洞窟の広い空間の中で、誰一人動く者はいなかった。誰もが、自分の目を疑っているように、ただジッと一人の人物を見つめている。これは、何かの冗談なのか? とタカは思った。
「何言ってるんだ……リク? こんな時に、変な冗談はやめろ」
そう言ったタカの横で、フーミィが首を振った。
「今しゃべったのは、リクじゃないよ。

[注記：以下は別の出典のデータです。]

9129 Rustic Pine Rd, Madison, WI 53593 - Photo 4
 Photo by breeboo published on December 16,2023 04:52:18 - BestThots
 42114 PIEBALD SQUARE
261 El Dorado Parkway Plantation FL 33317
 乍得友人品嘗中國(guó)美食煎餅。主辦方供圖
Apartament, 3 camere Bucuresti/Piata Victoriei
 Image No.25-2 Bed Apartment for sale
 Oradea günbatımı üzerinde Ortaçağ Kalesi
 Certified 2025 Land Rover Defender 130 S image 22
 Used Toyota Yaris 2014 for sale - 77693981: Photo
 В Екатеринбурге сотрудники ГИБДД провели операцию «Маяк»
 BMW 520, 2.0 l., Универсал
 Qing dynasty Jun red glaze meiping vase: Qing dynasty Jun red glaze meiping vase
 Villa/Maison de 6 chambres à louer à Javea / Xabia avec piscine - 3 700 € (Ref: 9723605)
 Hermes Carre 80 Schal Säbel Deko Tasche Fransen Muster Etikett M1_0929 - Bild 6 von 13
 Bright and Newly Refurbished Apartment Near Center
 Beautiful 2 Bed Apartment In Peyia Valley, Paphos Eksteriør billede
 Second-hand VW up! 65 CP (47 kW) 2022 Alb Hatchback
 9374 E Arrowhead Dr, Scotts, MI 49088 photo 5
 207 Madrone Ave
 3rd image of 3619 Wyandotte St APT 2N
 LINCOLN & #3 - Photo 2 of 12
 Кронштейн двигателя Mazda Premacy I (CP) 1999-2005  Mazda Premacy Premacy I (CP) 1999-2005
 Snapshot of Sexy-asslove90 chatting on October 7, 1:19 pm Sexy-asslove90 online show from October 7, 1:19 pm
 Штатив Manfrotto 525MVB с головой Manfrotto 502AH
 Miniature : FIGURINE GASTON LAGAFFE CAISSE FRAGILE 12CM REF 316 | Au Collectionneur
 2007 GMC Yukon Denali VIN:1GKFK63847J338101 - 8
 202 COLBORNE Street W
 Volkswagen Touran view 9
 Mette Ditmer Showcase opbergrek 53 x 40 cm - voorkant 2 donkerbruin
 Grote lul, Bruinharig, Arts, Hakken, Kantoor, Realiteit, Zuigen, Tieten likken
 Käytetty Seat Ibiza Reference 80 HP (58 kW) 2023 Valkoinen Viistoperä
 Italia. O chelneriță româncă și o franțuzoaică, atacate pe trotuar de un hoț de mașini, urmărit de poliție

リクの中に別の魂の波動を感じるんだ。ブルーリーがそうだったみたいに。あそこにいるのはリクじゃないよ」
フーミィの言葉に、タカの顔が一瞬で険しくなった。
「くそー! 誰なんだ、勝手にリクの中に入りやがって! 許さない」
タカは、リクに向かって走り出した。走っているタカの周りで、空気が揺らいで、タカの身体を捕らえてしまう。何も無い場所で、誰にも捕まっていないはずなのに、タカの身体は走った格好のまま静止してしまった。
「なっなんなんだ。こ、れ、は……くっう」
タカは、指の先まで動かす事が出来ない事実を受け入れられず、必死に動こうと奥歯に力を入れるが、何も変わらなかった。リクが、そんなタカの様子を見つめている。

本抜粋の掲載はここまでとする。